21 Days in Quarantine

Dr. Donna Clovis

Publisher: Balboa Press Pages: 80 Price: (paperback) $8.99 ISBN: 9781982254834 Reviewed: January, 2021 Author Website: Visit »

It’s inevitable that the nightmarish events of 2020 eventually spark an outpouring of reflection in essays, books, and movies. One early entrant is by award-winning journalist Donna Clovis, who captures how isolation forces us to live within our own heads and how reality can feel as if it’s slipping from our grasp.

In this novella, Clovis crafts what she describes as a stream-of-consciousness diary of a murder in which her carefully appointed dollhouse becomes a metaphor for the detachment she feels inside her own home. The story of what happens one terrible night during New York City’s lock-down unfolds like fleeting thoughts, skipping from past to present, sometimes lightly glancing across an idea or image, sometimes landing with precision: “The masks make me learn how to read the eyes of people instead of their lips. The masks teach me not to trust,” she writes.

Clovis intentionally conveys a blurry nostalgia of happier times with her father, but always with doom closing in.
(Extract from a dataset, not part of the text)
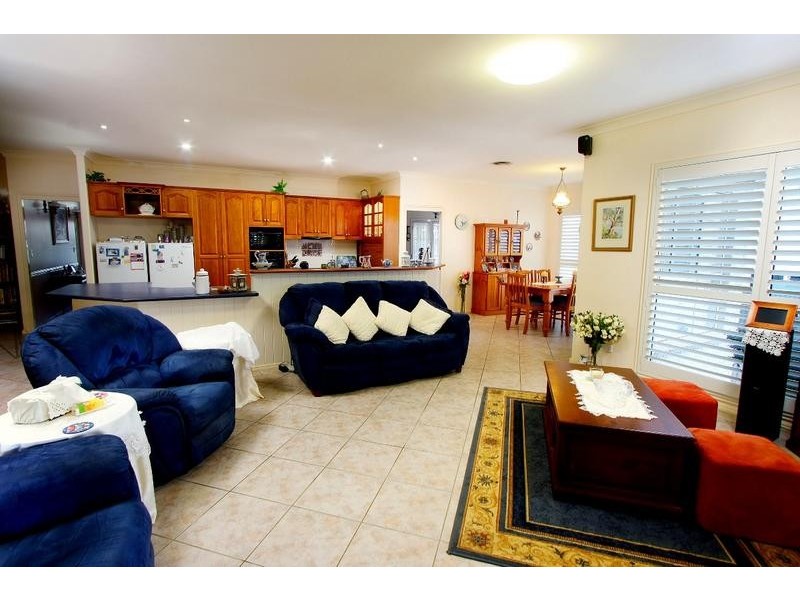 8 Dalston Court, Mount Lofty QLD 4350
When violence erupts, she retreats even further inside herself as the act’s details remain unclear. “I second guess the shadows on the wall. I crawl on my hands and knees through my bedroom rabbit hole anticipating more shots fired by cops only to encounter myself.”

The dreamlike imagery, purposely vague to disorient readers, is this work’s strength—although it can also be frustrating. The jumble of words closely matches the jumble of a mind trying to latch onto what is real.

The misstep comes late in the story where Clovis employs a more traditional style to catalog society’s historic racism and current hatred of journalists. While important topics and perhaps included to reflect the narrator’s state of mind, the abrupt change feels misplaced against the earlier fluid structure.

Clovis’ work is densely worded and sometimes her beautiful prose gets in the way of itself. Readers may have to work hard to connect the threads, but ultimately, this intriguing story is worth the effort.

Also available in hardcover and ebook.